Treatment for Patients in Shock or with Congestive Heart Failure

Severely ill patients, particularly those in shock (a dangerous condition that includes a drop in blood pressure and other abnormalities) or with congestive heart failure, will be monitored closely and stabilized. Oxygen is administered, and fluids are given or replaced when it is appropriate to either increase or reduce blood pressure. Such patients may be given dopamine, dobutamine, or both. Other treatments depend on the specific condition.

Heart failure. Intravenous furosemide may be administered. Patients may also be given nitrates, and ACE inhibitors, unless they have a severe drop in blood pressure or other conditions that preclude them. Clot-busting drugs or angioplasty may be appropriate and life-saving in many of these patients, although they are less likely to be given these treatments. (A 2003 study suggested that drugs may be more beneficial in this group, but more research is needed to confirm this.)

Shock. A procedure called intra-aortic balloon counterpulsation (IABP) is proving to help these patients when used in combination with thrombolytic therapy. IABP involves inserting a catheter containing a balloon, which is inflated and deflated within the artery to boost blood pressure. Left ventricular assist devices and early angioplasty might be considered.

Treatment of Arrhythmias

An arrhythmia is a deviation from the hearts normal beating pattern caused when the heart muscle is deprived of oxygen and is a dangerous side effect of a heart attack. A very fast or slow rhythmic heart rate often occurs in heart attack patients and is not usually a dangerous sign.

Premature beats or very fast arrhythmias called tachycardia, however, may be predictors of ventricular fibrillation. This is a lethal rhythm abnormality, in which the ventricles of the heart beat so rapidly that they do not actually contract but quiver ineffectually. The pumping action necessary to keep blood circulating is lost.

Preventing Ventricular Fibrillation. People who develop ventricular fibrillation do not always experience warning arrhythmias, and to date, there are no effective agents for preventing arrhythmias during a heart attack.

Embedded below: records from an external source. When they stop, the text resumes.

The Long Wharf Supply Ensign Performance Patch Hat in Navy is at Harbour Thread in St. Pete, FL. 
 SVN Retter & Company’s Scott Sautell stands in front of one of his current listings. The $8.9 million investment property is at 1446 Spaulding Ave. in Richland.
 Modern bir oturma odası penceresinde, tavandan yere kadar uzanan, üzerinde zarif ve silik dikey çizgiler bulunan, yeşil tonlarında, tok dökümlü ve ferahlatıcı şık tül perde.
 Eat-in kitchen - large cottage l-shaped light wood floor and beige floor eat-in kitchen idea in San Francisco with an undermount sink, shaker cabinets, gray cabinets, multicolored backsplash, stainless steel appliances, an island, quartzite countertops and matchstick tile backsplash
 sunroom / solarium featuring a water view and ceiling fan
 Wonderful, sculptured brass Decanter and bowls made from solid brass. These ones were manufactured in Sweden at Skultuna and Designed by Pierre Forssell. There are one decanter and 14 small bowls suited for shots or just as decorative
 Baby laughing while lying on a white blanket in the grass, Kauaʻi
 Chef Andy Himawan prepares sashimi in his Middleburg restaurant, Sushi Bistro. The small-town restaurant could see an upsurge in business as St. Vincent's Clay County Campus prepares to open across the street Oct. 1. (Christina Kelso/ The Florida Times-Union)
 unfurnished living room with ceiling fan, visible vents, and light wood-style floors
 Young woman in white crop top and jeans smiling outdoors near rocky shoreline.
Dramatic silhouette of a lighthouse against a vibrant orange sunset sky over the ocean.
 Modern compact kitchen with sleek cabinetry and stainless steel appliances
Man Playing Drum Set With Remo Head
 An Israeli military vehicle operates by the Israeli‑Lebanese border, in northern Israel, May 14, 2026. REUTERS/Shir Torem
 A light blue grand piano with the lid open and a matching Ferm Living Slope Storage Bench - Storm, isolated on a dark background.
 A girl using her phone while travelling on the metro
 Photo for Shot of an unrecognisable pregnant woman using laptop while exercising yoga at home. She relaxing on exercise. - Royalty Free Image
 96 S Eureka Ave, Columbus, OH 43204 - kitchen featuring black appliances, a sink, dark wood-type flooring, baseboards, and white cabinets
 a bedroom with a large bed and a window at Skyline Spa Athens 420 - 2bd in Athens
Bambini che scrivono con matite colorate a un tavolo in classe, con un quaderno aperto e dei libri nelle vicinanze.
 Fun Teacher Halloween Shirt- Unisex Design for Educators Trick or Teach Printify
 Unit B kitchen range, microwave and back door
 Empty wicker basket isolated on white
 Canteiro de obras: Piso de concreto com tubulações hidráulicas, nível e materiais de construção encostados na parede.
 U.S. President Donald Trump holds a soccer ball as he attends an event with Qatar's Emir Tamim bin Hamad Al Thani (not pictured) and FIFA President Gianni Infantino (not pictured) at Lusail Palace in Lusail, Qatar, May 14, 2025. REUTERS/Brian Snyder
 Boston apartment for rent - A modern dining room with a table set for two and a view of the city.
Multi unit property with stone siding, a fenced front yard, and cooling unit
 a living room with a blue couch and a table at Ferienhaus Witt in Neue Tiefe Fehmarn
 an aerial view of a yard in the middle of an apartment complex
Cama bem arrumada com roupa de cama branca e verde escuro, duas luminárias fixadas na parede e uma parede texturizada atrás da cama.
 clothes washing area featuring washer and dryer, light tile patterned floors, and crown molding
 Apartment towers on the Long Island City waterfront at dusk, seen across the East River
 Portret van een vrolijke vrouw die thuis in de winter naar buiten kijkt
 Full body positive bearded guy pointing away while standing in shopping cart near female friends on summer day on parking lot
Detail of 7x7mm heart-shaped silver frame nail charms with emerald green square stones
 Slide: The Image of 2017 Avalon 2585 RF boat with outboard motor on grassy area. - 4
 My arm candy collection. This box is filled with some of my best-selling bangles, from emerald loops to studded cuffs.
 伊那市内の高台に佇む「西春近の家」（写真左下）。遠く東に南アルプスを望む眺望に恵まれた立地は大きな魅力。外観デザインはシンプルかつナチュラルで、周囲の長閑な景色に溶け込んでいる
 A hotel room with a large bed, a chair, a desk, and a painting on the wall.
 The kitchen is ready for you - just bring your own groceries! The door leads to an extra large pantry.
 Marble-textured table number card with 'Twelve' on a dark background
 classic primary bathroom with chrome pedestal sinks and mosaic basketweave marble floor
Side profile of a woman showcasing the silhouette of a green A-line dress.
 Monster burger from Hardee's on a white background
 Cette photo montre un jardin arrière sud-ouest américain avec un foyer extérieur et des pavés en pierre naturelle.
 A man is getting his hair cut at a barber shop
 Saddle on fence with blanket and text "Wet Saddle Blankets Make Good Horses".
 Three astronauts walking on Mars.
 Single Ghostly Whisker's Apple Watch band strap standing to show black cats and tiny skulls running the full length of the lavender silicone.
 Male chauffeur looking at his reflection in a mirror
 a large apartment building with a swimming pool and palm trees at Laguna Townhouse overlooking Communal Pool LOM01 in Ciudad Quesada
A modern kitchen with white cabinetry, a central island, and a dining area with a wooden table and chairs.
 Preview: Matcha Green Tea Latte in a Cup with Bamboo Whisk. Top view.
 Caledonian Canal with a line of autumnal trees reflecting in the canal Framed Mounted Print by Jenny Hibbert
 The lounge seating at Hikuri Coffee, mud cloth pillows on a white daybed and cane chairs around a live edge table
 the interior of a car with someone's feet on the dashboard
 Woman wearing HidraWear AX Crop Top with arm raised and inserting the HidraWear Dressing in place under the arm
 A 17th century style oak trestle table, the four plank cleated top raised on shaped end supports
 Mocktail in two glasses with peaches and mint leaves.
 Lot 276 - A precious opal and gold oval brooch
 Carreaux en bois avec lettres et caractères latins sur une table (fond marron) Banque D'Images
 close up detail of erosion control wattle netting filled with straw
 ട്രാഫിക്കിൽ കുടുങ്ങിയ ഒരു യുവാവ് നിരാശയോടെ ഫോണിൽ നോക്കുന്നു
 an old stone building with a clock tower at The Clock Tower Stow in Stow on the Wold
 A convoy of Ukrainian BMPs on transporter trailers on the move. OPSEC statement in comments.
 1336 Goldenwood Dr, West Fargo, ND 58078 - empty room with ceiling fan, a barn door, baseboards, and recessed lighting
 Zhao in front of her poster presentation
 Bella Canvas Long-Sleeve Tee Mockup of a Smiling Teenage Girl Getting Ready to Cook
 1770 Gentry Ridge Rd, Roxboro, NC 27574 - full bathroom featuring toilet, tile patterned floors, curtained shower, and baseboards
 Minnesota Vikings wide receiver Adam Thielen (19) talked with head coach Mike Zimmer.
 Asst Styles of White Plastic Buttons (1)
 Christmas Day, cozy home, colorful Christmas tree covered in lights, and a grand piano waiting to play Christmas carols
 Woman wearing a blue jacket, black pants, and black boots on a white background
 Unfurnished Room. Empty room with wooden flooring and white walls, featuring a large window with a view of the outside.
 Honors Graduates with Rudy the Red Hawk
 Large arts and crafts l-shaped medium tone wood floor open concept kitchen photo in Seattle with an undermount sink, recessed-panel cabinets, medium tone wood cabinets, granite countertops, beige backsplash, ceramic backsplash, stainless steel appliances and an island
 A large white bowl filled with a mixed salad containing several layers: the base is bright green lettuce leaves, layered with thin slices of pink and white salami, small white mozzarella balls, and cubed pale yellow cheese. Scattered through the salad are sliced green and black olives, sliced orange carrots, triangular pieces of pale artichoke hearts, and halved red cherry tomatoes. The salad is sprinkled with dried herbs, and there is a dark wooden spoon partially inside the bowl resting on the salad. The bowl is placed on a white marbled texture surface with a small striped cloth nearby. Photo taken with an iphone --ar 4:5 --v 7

  • Potassium and magnesium levels should be monitored and maintained.
  • Intravenous beta-blockers followed by oral administration of the drugs may help prevent arrhythmias in certain patients.

Treating Ventricular Fibrillation.

  • Defibrillators. Patients who develop ventricular arrhythmias are given electrical shocks with defibrillators to restore normal rhythms. Some studies suggest that implantable cardioverter-defibrillators may prevent further arrhythmias in heart attack survivors of these events who are at risk for further arrhythmias. At this time, however, their use is investigative in these patients.
  • Antiarrhythmic Agents. Antiarrhythmic drugs include lidocaine, procainamide, or amiodarone. Amiodarone or another antiarrhythmic drug may be used afterward to prevent future events.

Managing Other Arrhythmias. People with an arrhythmia called atrial fibrillation have a higher risk for stroke after a heart attack and should be treated very aggressively. Other rhythm disturbances called bradyarrhythmias (very slow rhythm disturbances) frequently develop in association with a heart attack and may be treated with atropine or pacemakers.